St Kevin's
- Founded:: 1945
- County:: Kildare
- Colours:: Red and black
- Grounds:: Staplestown
- Coordinates:: 53°19′51″N 6°45′33″W﻿ / ﻿53.33094°N 6.75919°W

Playing kits
| Standard colours |

= St Kevin's GAA =

Gaelic games club in County Kildare, Ireland

St Kevin's is a Gaelic Athletic Association (GAA) club in the Kildare GAA based in Staplestown in North County Kildare, Ireland.

==History==

The club was founded in 1945 under the name Staplestown GFC. The original colours were green white and gold and remained so until 1963 when the club added St. Kevin's to the Staplestown name and changed their colour to black and red. The name refers to Saint Kevin of Glendalough. Various locations were used for matches until the present grounds were acquired in 1961. The dressing rooms were built in 1982 and the ground was named the Jack Casey Memorial Park in memory of the club secretary who had been so instrumental in purchasing the pitch originally. The bar and hall were added in later years.

The first official match played by the club was a junior league game against Caragh in Prosperous in March 1946 losing out by 3–4 to 1–3. It took until the third round of the league to gain the first win, defeating another newly formed club Firmount 1–3 to 1–2 which was played in Allen. In their first ever championship match they defeated Rathcoffey 1–2 to 1–1 but lost to Straffan in the second round.

A lean few years followed until 1966 when they contested the junior league final, the first ever final contested by the club, but were beaten by a point by Milltown.

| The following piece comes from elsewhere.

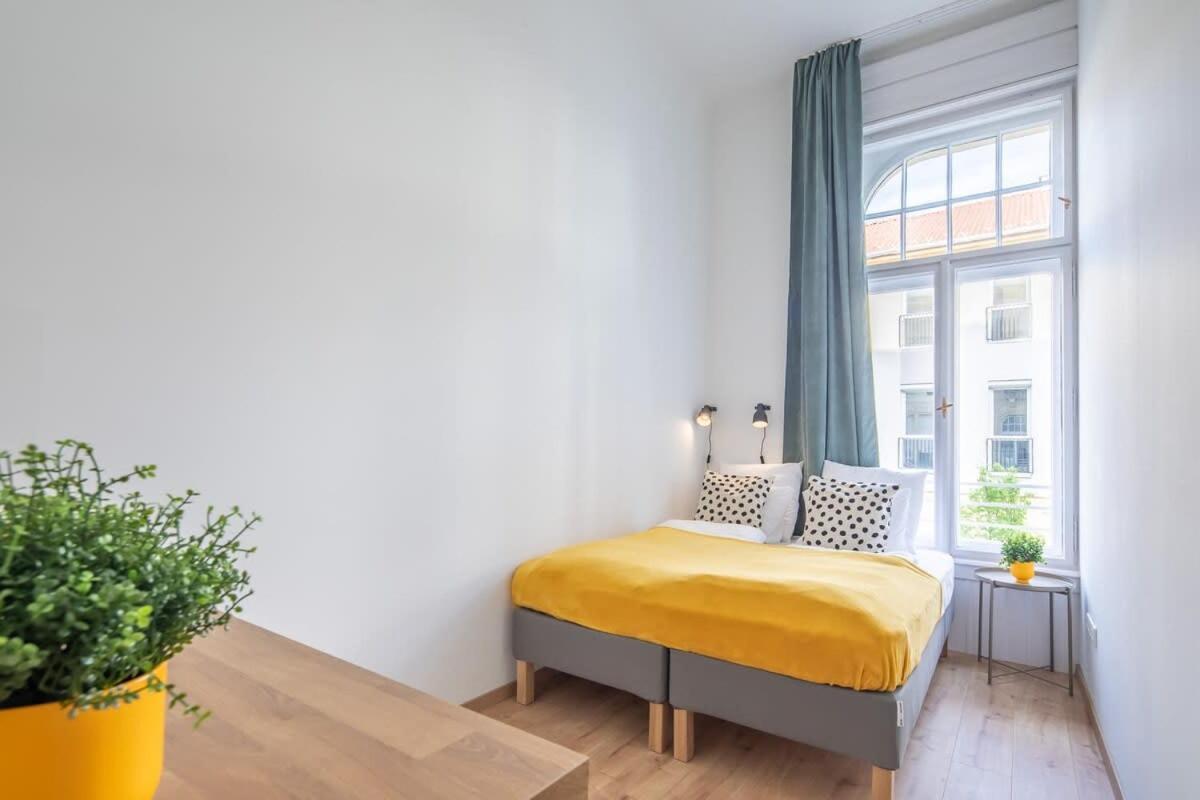Central - New - Easy Sleep Budapesta Exterior foto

In the 1970s, the club went from Junior B to Senior grade. In that period, the club contested two Junior B finals, two Jack Higgins Cup finals, a division 3 senior league final, a division 2 senior league final and two junior league division 2 finals. The Junior B championship was won in 1972 when they defeated Raheens, the first ever championship win for the club. The Junior A championship was won in 1976 when they defeated Leixlip. The intermediate final was contested for the first time in 1978 but was lost by a point. The intermediate championship crown was secured in 1979 when they defeated St. Laurence's in the final. The senior league division 3 crown was also won in 1973 by going through the entire campaign unbeaten. Although they lost the division 2 final, promotion to division 1 was won for the first time in 1980. Another Division 2 final defeat came in 1982. The club played in the senior championship from 1980 to 1990, reaching the semi-final in 1984 where they were beaten by five points by eventual winners Clane.

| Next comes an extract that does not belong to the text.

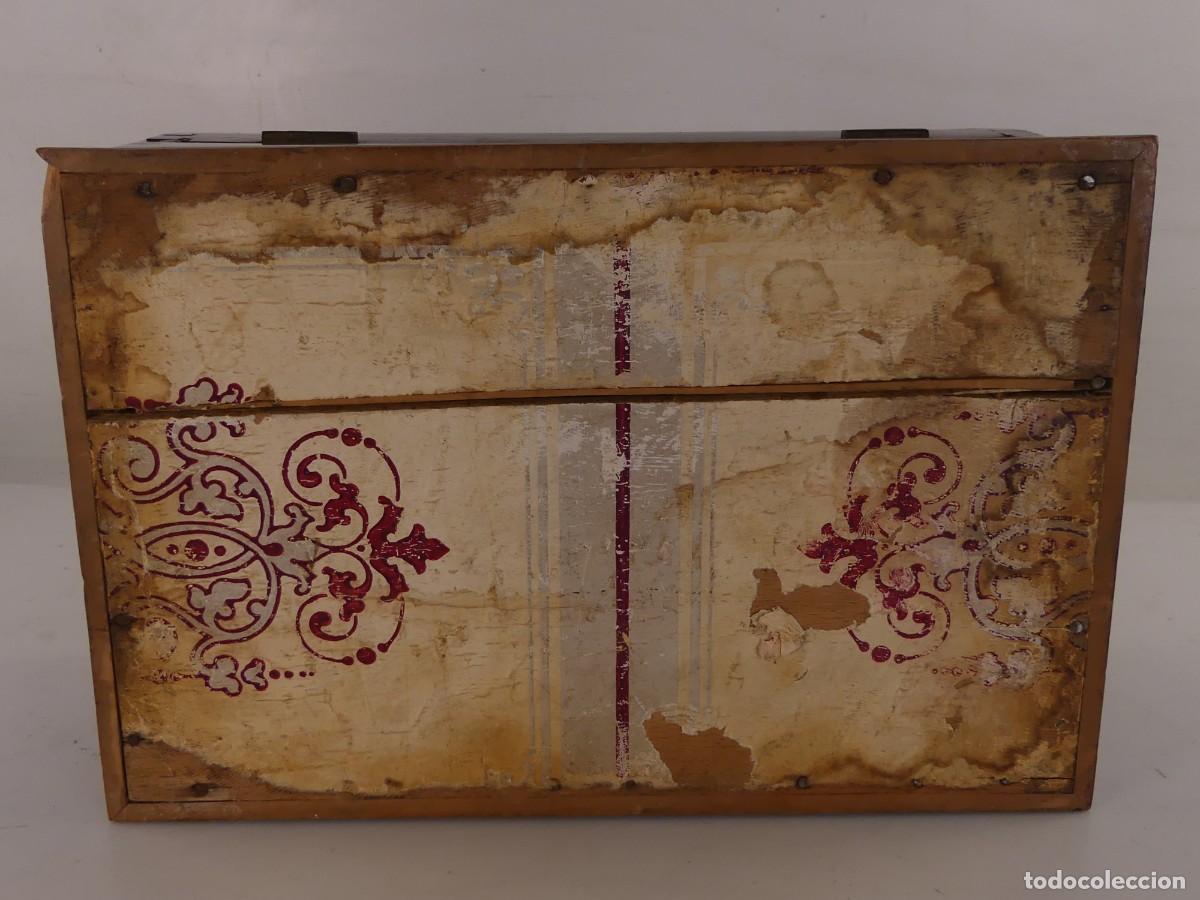 Antig&uuml;edades: ANTIGUA CAJA DE MADERA - Foto 25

During the 1990s, the club unsuccessfully contested four intermediate finals: from 1995 to 1999. In 1995, they lost to local rivals Caragh. They came back again the following year only to lose the final after a replay by a point to Eadestown. Two years later, they again reached the intermediate final only to lose to Kilcullen this time. The following year they lost to Maynooth by a point, yet again after a replay. Some consolidation could be taken during the 1990s as the division 3 title was won in 1997.

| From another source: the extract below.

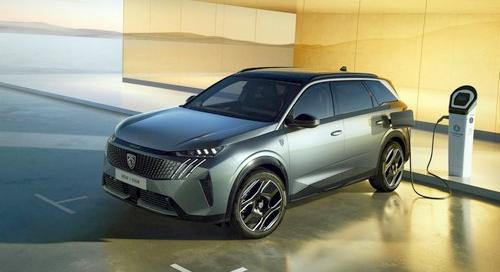 Extrákkal gazdagodnak a Peugeot elektromos modelljei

In 2004, the club secured the division 3 title. However two more intermediate final defeats came in 2004 and 2005. In 2004, they lost to Maynooth again in the final. The following year, Confey beat them in the intermediate final. While they lead Confey by 1–2 to 0–0 after 10 minutes, they "faded badly" and Confey won by two points. Confey went on to win the Leinster intermediate championship.

However, they beat Maynooth in the Division 2 final by 0–15 to 0–7 in 2008. The intermediate championship title was finally won in 2008. They played Monasterevan in the final having lost in the group stage already to Monasterevan in the group stage. The first final was to prove a tense affair with Monaterevan leading throughout. With one minute left, Kevin's were down by 4 points but a goal was scored before they equalised deep into injury time. It finished 1–8 apiece. The replay was to prove a rather one sided affair with Kevin's winning out 2–9 to 0–6.

All of the players who play hurling play for Coill Dubh as they are in the same parish. Coill Dubh in return provides a lot of players for St. Kevin's.

==Honours==
- Kildare Intermediate Football Championship: (2) 1979, 2008
- Kildare Intermediate Football Championship: Runner-up 2006, 2005, 1999, 1998, 1996, 1995, 1978
- Kildare Junior A Football Championship: (1) 1976
- Kildare Junior B Football Championship (1) 1972
- Kildare Senior Football League Division 2: 2008, 2017
- Kildare Senior Football League Division 3: (2) 1997, 2004
- Kildare Senior Football Championship: Semi-finalists 1984

==Bibliography==
- Kildare GAA: A Centenary History, by Eoghan Corry, CLG Chill Dara, 1984, ISBN 0-9509370-0-2 hb ISBN 0-9509370-1-0 pb
- Kildare GAA yearbook, 1972, 1974, 1978, 1979, 1980 and 2000– in sequence especially the Millennium yearbook of 2000
- Soaring Sliothars: Centenary of Kildare Camogie 1904–2004 by Joan O'Flynn Kildare County Camogie Board.